Stratus Technologies is a Maynard, Mass., solutions provider to customers in telecommunications, financial services, banking, manufacturing, life sciences, public safety, transportation & logistics and other industries.
Cablevision closes
Cablevision Systems Corp., through its subsidiary CSC Holdings Inc., closed on its $3.5 billion seven-year term loan B (Ba3/BB) that carries an interest rate of Libor plus 175 basis points, according to an 8-K filed with the Securities and Exchange Commission Thursday.
Bank of America and Citigroup acted as the lead banks on the deal, with Bank of America the left lead.
Covenants include a limitation on the incurrence of additional debt based upon a maximum ratio of total debt to cash flow of 7.50:1 reducing down in increments to 5.00:1 on and after Jan. 1, 2010 and a ratio of total borrowings to cash flow of 4.5:1.
At close, on Wednesday, the company used $400 million of the new term loan B to repay existing term loan A-2 borrowings.
Remaining proceeds are expected to be used to fund a special dividend of up to $3 billion.

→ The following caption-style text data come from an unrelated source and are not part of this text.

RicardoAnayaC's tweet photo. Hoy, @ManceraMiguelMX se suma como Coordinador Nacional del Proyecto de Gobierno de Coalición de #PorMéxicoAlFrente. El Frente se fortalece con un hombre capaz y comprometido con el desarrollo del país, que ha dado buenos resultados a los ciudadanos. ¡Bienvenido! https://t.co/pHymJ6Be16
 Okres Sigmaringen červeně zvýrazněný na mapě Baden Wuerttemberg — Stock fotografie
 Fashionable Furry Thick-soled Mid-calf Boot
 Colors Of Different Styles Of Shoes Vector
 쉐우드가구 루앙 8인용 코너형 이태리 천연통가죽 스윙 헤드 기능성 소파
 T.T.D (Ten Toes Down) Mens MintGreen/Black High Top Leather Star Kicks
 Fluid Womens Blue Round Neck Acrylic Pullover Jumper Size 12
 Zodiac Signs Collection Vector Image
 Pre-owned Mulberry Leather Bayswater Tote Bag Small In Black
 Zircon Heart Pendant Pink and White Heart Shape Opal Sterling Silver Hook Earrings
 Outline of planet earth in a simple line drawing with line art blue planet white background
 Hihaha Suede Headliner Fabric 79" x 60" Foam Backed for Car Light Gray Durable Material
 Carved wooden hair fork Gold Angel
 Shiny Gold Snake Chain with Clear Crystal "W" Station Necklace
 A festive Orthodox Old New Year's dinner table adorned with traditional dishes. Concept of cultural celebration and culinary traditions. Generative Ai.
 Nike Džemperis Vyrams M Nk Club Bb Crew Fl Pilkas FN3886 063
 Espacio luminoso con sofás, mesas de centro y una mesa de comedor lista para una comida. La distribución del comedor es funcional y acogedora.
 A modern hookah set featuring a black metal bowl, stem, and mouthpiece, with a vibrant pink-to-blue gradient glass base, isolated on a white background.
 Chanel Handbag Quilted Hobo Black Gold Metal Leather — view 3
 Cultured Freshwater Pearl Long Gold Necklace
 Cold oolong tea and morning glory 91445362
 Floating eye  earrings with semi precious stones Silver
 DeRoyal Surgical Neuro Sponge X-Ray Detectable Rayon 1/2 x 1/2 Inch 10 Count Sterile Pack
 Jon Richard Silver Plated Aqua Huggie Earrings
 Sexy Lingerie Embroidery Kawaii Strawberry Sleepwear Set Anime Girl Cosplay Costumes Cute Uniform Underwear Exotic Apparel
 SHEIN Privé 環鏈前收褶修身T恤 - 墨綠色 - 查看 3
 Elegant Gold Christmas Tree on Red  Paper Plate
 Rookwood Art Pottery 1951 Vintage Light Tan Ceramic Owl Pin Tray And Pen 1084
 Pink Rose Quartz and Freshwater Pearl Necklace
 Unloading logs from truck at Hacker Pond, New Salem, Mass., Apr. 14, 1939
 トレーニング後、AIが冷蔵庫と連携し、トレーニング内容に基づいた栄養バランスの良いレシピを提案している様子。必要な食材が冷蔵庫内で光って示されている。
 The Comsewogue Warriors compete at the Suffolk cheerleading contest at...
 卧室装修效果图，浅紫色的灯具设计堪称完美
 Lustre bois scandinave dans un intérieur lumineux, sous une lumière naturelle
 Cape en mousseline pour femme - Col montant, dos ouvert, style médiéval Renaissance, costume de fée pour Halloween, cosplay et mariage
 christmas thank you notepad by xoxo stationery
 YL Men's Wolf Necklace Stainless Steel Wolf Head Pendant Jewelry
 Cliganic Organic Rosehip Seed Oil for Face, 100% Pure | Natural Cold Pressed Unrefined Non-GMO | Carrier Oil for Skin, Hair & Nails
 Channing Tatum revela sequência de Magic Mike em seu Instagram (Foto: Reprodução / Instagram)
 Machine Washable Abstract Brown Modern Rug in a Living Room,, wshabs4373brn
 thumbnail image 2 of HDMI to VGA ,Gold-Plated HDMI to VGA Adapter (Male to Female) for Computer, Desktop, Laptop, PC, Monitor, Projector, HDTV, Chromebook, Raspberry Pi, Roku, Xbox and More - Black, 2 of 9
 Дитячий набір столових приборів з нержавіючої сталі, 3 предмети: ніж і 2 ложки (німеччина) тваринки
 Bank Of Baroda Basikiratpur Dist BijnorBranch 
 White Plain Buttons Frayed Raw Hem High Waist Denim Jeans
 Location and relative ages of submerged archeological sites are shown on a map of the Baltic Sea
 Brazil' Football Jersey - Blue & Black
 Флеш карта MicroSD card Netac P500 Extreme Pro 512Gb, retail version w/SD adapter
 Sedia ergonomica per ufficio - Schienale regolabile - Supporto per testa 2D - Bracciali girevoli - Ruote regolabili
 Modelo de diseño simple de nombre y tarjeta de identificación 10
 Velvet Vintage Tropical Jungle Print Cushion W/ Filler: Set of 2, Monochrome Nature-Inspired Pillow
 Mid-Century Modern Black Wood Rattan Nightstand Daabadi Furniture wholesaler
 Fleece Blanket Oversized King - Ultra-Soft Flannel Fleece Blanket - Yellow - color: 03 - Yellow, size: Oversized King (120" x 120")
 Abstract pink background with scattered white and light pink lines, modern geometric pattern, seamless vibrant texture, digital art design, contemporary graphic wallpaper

However, if the board of directors does not declare a special dividend equal to the remaining $3 billion, CSC Holdings expects to repay these proceeds, the filing added.
Recently the board of directors appointed a special committee of independent directors to evaluate the proposed special dividend and make a recommendation to the board as to whether a dividend should be paid and, if so, in what amount.
The company is trying to settle a lawsuit that is pending in New York Supreme Court in Nassau County and which, among other things, challenged, and sought to enjoin, the special dividend.
A memorandum of understanding regarding settlement of a lawsuit was entered into on March 27. The proposed settlement is subject to court approval.
Cablevision is a Bethpage, N.Y., media, entertainment and telecommunications company.
Caraustar closes
Caraustar Industries Inc. closed on its amended and restated $145 million five-year senior secured credit facility, consisting of a $110 million revolver and a $35 million term loan.
Security is substantially all assets of the company other than real property.
Proceeds from the facility are being used to fund the redemption of the company's 9 7/8% senior subordinated notes due 2011.
Caraustar is an Austell, Ga., recycled paperboard and packaging company.
Advantage Sales closes
J.W. Childs Associates LP and Merrill Lynch Global Private Equity completed the acquisition of a majority equity interest in Advantage Sales & Marketing Inc. for an enterprise value of $1.05 billion from Allied Capital Corp., according to a news release.
To help fund the transaction, Advantage Sales & Marketing got a new $540 million senior secured credit facility, consisting of a $480 million seven-year first-lien term loan with an interest rate of Libor plus 200 basis points and a $60 million six-year revolver with an interest rate of Libor plus 250 basis points.
During syndication, pricing on the term loan was reduced from original price talk at launch of Libor plus 250 basis points.
UBS and Citigroup acted as joint lead arrangers and bookrunners on the deal.
Advantage Sales & Marketing is an Irvine, Calif., sales and marketing agency.